The first fit felt a little “close”.  Recommended fabrics were knits but maybe had I used an actual sweater knit, I mean the pattern is named “… Sweater” I would not have noticed. The first set of pictures reveal that my hunch was right, in this knit the top is slightly tight across the hips.  This could be a result of having interfaced the hem (trying to persuade the CS to work) and fused it prior to hemming. I didn’t want to take a chance on that and took the time to create 7″ hem vents on each side.  While I was at it, I also added 1/4″ shoulder pads. I know. Who puts shoulder pads in a sweater?  Well I do. I either need to add a greater angle to all the shoulder of my garments or add shoulder pads.   Since I *like* the look of the small shoulder pads, I add them.
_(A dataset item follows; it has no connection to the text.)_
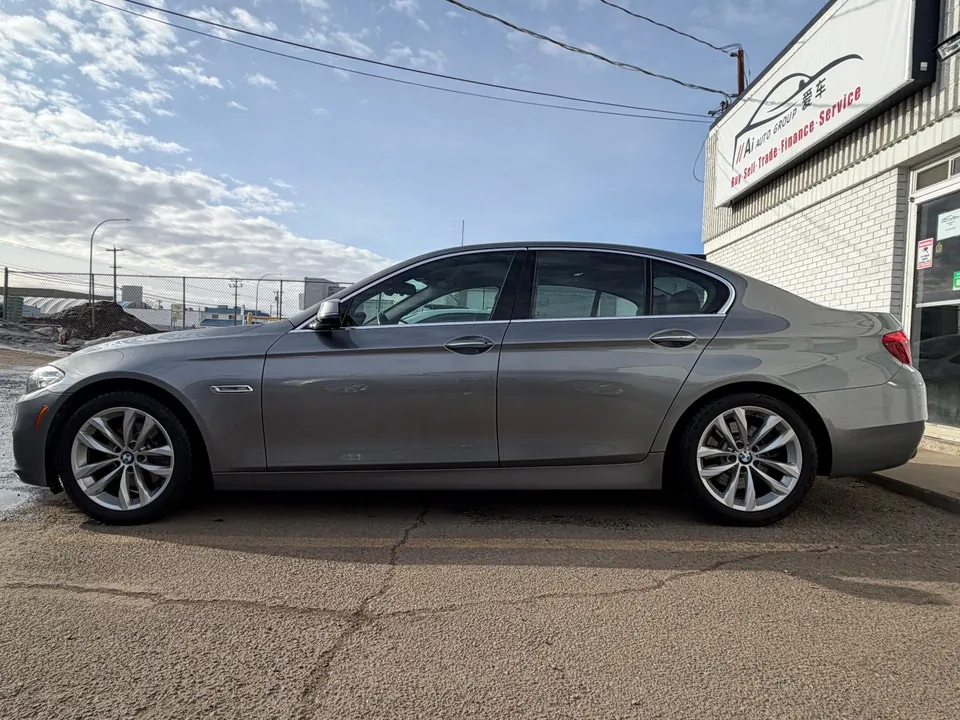 BMW 5Series 2016 photo 5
I really don’t want to learn drafting. If I can tweak the fit of Loes patterns, I would use these as slopers and merely transfer design details from Burda or wherever. Examining the fit of the front:

I’m really not unhappy with my front view. Perhaps I should be?  I’ve place the green arrows to indicate that I need a bust dart.  That’s typical for me when a pattern does not include the horizontal bust dart.  Mostly I just ignore these drag lines because I see them on nearly everybody else who is wearing an undarted top. I’m terrifically pleased with the trim placement. I expect the strips to curl during the laundry which will add more texture to these trims. The sleeve is a little longer than I care for. I’ve noticed that the longer sleeve is back in style but I probably will shorten it slightly.  I pointed to the hem vents with red arrows.  I did not press the garment after adding the vents and shoulder pads. Once I did they lay a little nicer disguising the fact that this garment is too small across the hips. Also the sleeve feels a little close.  Possibly I could use the next larger size. But I keep thinking, “this would be perfect with slinky”.

Someone once commented that I needed a FBA. I’ve never thought of myself as a chesty person, probably because I compared myself with my more bovine sisters. However looking at the side view, I think the commenter had a good point.  I’m seeing both the drag lines and the rising front hem that indicates more room is needed for the bust. I’m also looking at the sleeve wondering if my shoulder has rotated forward or if I simply didn’t get the sleeve inserted correctly.

I was tired that day (reflux had me up in the middle of the night) and I think it shows. I look at this picture and wonder do I need more hip room or is it the rounding of my back causing these drag lines.   Possibly both.  One shoulder looks higher than the other. That is new. I’m not sure if that’s a new physical change or the result of editing the picture.  My camera stand doesn’t hold the camera perfectly vertical. So I always have to rotate the picture. Did I not rotate enough? Or am I seeing aging? Either way I think I need to quit being lazy and start adding the center back seam which I know I need.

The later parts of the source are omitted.